A l’issue du premier puzzle, les pièces s’effacèrent d’un souffle. Et retrouvèrent l’espace vierge. Au suivant, il laissa les forces en mouvement trouver l’agencement des éléments. Il y participa sans un regard sur ses défaites et ses triomphes. Savourant chaque pas. Et partout la présence. Situation après situation. Evènement après évènement. Sans impatience, ni ambition. Dans le mystère de l’origine et de la destination. Satisfait (simplement) des combinaisons en élaboration.

 

 

Je voyagerais comme un vagabond émerveillé du trésor qu’ELLE porte en nous partout où nous allons. Ensemble...

 

 

J’ai dû renoncer à son oreille. Et à mille oreilles, j’ai dû me confier. Quelques-unes m’ont écouté. Mais toutes ont fini par s’éloigner, lassées par mes bavardages et mes plaintes. Une s’est attardée plus longuement au creux de ma joue, appuyant sa chair contre mes lèvres. Mais elle aussi finit par s’écarter. Et m’abandonner à la solitude. Je dus alors confier ma peine aux arbres, au vent, à la nuit, au ciel, à la terre, aux pierres et aux nuages. A toutes les herbes folles du chemin. Et (Ô miracle !) une voix en moi accueillit ma plainte, me consola et fit naître un sourire sur mes lèvres. Aujourd’hui encore, cette voix m’accompagne. Et chaque jour, je continue de lui confier mes rires et mes larmes.

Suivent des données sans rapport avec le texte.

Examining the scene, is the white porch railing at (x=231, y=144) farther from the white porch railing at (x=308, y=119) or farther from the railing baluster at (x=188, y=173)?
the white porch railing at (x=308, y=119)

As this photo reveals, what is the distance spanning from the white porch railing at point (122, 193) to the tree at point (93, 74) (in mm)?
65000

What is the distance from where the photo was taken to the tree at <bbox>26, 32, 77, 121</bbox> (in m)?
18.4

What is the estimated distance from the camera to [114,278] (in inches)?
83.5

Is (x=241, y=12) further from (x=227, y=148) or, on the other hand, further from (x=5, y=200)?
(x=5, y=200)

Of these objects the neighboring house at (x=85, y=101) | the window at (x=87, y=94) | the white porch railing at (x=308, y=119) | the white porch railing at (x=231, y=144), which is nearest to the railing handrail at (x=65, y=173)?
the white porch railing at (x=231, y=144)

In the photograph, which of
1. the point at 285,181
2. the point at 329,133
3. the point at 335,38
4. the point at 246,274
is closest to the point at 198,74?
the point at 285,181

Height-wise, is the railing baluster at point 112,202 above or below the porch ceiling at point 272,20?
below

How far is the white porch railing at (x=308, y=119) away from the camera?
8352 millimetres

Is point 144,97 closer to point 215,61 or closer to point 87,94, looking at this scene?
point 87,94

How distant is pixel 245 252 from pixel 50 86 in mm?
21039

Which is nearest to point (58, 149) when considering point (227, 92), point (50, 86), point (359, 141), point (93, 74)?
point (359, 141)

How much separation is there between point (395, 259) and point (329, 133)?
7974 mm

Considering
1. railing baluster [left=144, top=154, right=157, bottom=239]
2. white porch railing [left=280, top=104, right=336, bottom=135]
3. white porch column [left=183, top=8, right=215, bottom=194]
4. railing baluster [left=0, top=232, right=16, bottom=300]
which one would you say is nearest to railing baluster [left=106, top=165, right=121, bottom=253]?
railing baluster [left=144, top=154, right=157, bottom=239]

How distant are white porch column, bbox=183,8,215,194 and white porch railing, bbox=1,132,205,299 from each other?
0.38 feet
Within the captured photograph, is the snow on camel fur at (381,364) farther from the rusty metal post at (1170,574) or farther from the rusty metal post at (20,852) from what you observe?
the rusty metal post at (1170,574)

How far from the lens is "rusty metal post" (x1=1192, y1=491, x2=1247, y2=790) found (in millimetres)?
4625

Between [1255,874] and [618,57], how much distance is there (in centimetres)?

Mes gestes, mes pas et ma parole. Elle ne me quittera pas. Jamais. Attachée à ma présence comme je le suis à la sienne. Je suis seul et sommes deux à présent. Et nous allons ensemble, délivrés de toutes ces voix passées, offrir notre parole (une autre parole) à tous ceux qui fouillent désespérément les visages, leur dire de s’ouvrir à une chaleur qui les habite et que nul autre ne peut leur offrir.